Maybe you’ve heard it said that wood floors and pets don’t mix. Most of our furry friends have claws, and inevitable damage to wood floors results when dogs walk or run on them daily. You don’t want to pass on beautiful, hardwood flooring, but your dog isn’t going anywhere either- what can you do?
Super hard hardwood flooring
Not all wood types are created equal. There is a scale for measuring “hardness” called the Janka hardness scale. Based on this, we’ll advise you about the toughest options.
Brazilian Walnut and Ipe
Exotic hardwoods tend to be the hardest. Brazilian hardwood is incredibly dense. It won’t feel as soft and warm underfoot, but it will resist marks and dents very well in the long term. Ipe is also called Brazilian walnut. Tough enough to be used outdoors and in high traffic regions, Ipe has become more affordable in recent years as well.
Select hard maple
Hard Maple, as opposed to other variants of Maple, has a Janka hardness rating of 1450 or more. It’s used on basketball courts and also sometimes called sugar or rock Maple. It comes from trees grown above the 38th parallel where the brief growing seasons create a closer, denser grain.
Bamboo is technically grass, not wood. In the category of hardwood flooring in Toronto, you’ll see bamboo listed because it shares many similarities with solid wood. During manufacturing, the bamboo is infused with hard resins which lend resilience and resistance to scratching. Fossilized bamboo flooring boasts a Janka rating of 5,000 which is much higher than the still impressive, 2000-3000 rating for natural bamboo. If you have dogs at home, bamboo could be the longer-lasting and more economical choice.
Will trimming my pet’s nails help?
Yes and no. Unfortunately, blunt clipped dog nails do still scratch and mark floors. The sealant or wax on your floor’s surface will suffer a multitude of fine, shallow lines over time. One option is to invest in regular manicuring which files and rounds out the nail edges. There are also soft, plastic caps which your veterinarian can place on top of your dog’s nails. You may want to lay down non-slip runners and carpets in the high traffic areas and especially along your dog’s regular paths to the door.
Avoid softwood types
Softwoods such as fir or pine will make a poor option for your floors if you own dogs. They look pretty and feel soft under feet but if you plan to use any softwoods, confine them to a bedroom or office where the dog does not frequent.

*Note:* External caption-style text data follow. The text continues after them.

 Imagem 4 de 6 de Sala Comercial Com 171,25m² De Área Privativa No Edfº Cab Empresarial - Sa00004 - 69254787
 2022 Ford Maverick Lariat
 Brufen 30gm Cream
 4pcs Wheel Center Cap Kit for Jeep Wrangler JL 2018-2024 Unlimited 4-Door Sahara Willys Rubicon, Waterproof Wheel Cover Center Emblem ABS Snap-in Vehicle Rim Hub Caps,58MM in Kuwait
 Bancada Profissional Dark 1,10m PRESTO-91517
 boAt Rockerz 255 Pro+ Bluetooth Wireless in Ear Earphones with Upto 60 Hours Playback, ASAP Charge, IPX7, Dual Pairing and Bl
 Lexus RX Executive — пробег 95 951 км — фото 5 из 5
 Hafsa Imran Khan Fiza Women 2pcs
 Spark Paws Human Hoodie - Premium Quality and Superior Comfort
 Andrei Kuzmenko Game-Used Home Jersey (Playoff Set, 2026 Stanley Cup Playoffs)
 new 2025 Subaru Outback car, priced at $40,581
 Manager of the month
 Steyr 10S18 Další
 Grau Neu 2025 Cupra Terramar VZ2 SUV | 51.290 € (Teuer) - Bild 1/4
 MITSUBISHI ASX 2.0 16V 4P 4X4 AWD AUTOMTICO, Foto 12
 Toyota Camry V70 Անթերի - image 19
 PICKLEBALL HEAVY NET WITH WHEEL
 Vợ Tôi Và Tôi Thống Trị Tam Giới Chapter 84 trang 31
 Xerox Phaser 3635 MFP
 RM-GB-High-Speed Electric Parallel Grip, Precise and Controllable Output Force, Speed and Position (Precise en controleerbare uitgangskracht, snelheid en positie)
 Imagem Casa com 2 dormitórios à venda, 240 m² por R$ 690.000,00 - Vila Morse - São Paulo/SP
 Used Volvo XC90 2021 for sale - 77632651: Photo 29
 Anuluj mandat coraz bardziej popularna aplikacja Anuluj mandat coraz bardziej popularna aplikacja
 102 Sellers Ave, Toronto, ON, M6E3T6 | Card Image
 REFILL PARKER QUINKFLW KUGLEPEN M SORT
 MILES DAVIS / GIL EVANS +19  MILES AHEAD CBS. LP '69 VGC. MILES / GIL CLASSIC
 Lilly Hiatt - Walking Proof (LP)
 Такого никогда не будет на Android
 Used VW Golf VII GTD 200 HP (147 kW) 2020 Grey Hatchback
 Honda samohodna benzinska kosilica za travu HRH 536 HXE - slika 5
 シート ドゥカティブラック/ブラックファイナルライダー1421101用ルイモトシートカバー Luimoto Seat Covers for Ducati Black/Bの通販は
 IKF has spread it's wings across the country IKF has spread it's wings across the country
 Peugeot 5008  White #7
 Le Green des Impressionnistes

Stained and sealed in the factory, this wood planking comes protected with many layers of tough urethane finish.
Keep your hardwood flooring waxed
A cat’s claws retract and don’t tend to scratch on surfaces as they walk but a dog’s nails can often be heard clicking along on a hardwood floor if they grow too long. It’s advisable that you not only trim regularly but file the nails too so there are no sharp, scratchy edges. Many people don’t feel comfortable handling this job on their own,but a pet groomer can help and is a worthwhile investment. Another handy trick for dog nails is application of nail coverings. There are a few kinds,and they essentially clip over the nail, creating a smooth surface that can’t scratch. You can talk to your groomer about putting them on for you. Waxed solid wood floors look beautiful,and this type of product helps to keep the floor clean-looking and shiny. The wax builds up a coating over the wood which repels dirt, spills,and dust, but also protects somewhat from rough nails. One interesting benefit of a waxed floor is that it can offer some extra traction for your dog which keeps them safer and helps discourage them from digging nails in deeper.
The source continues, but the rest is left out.